Są, bo pytasz tę lipę? Widziałam ostatnio trzy sztuki, raczej do auta by się nie zmieściły. Też mam ochotę na jeszcze jedną. Do tego wiosennego, na który mnie zanęciłaś
Przetacznikowce, to chyba tylko 'Diana'. Na której fotce się na nie gapiłaś?
Ojej, 3 m to spoko. Zarezerwować?
A te przetacznikowce, to jakaś zbieranina, nie bardzo pamiętam już jaka.
Dalej mam odmianowe, właśnie 'Diane', od Przemka.
Formowanie?, powiadasz. Mozolna praca, ciągła - halne potargały mi konstrukcję na bambusach z jabłonkami. Część poprawiłam (pół dnia pracy, wbijania, wiązania, przymierzania bambusów) a część tyczek powinnam dokupić. Czyli jeszcze nie skończyłam. Jeszcze jedno pół dnia pracy (listopadowego dnia).

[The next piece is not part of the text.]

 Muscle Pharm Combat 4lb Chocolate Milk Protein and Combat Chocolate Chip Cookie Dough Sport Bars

Czasami już chciałabym, żeby te jabłonki rozpięte natychmiast zmężniały i nie poddawały się tak halnym.
Mocne wiatry południowe dokuczliwe u nas powodują, ze żywopłot z choiny np. musi być jeszcze wyżej prowadzony ze względu na jabłonki właśnie - będę latać po drabinach wysokich "na starość".

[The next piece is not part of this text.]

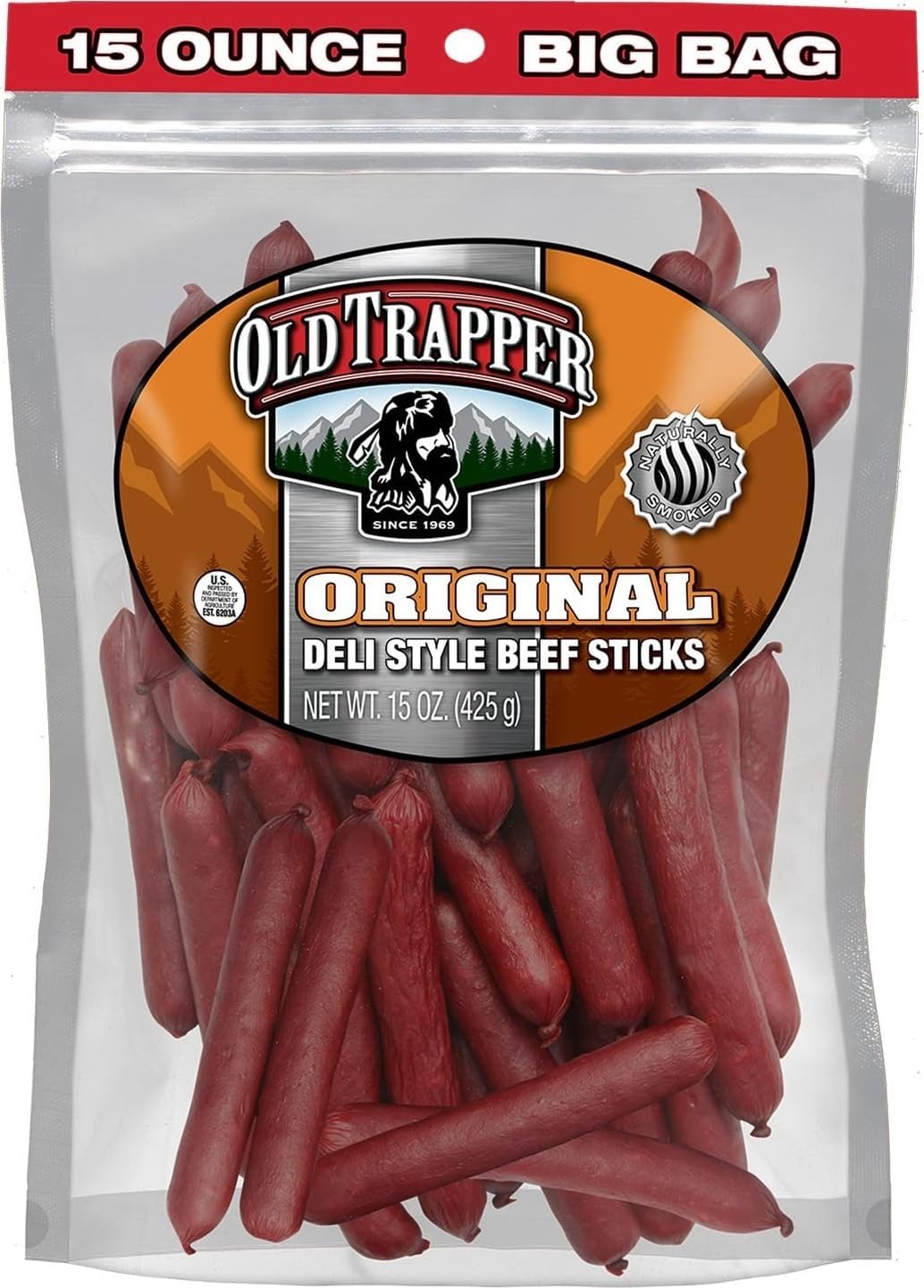 Old Trapper Original Deli-Style Beef Sticks,15-Ounce Package, Perfect for On-the-Go Snacking, Six Grams of Protein and Zero Grams of Sugar per Serving (Pack of One)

Pustynniki sadziłam dokładnie z instrukcją, wykopywałam dół tak jak kazali.
Miały być ileś cm pod powierzchnią, już nie pamiętam ile, ale dość głęboko.
A Ty jak głęboko je zakopałaś, pytam o to serce, nie korzenie. Może jeszcze raz podejmę próbę ??
Sukulenty chyba teraz mają wielkie szanse w naszym klimacie, susza i upały letnie im sprzyjają. Eonium jest piękne, co Ci nie wychodziło w jego pielęgnacji?
Racja, mozolnie się prowadzi przy bambusach. Moje derenie do poprawki, podobnie jak Twoje jabłonki. Łatwiej ogarnąć cisy, o nich myślę. Chcę założyć siatki metalowe i ciąć do ich powierzchni. Tak tnę swój cyprysik i robota przy nim jest przyjemnością.
Przypominam sobie rozmowę u Tomka Grochowskiego, który skarżył się na łamliwość tulipanowca. Dziwiłam się wtedy- a to o halne wiatry chodzi?
Czytałaś moją prośbę o fotki dalii aus den Niderlanden?
Mirka, jak kładę dłonie na rozecie pustynnika, teraz jesienią, to czuję pod palcami owo serce. Na zimę przykrywam je 10-centymetrową warstwą liści. U mnie rosną płytko.
Sukulenty. Nie miałam dla nich dobrych stanowisk na zimę. Męczyły się z powodu braku światła. A i ja nie miałam lekko, bo te czerwonolistne nic a nic nie chciały się rozgałęziać. Rosły tylko w górę. 80-centymertowe łodygi z jedną rozetką! W końcu rozdałam. Tymczasem Aeoniu arboreum (jedyne, którego żal było mi wyrzucić) pozostawione same sobie, takie coś mi wypuściło w październiku. Na wielu pędach, no tylko sadzonkować.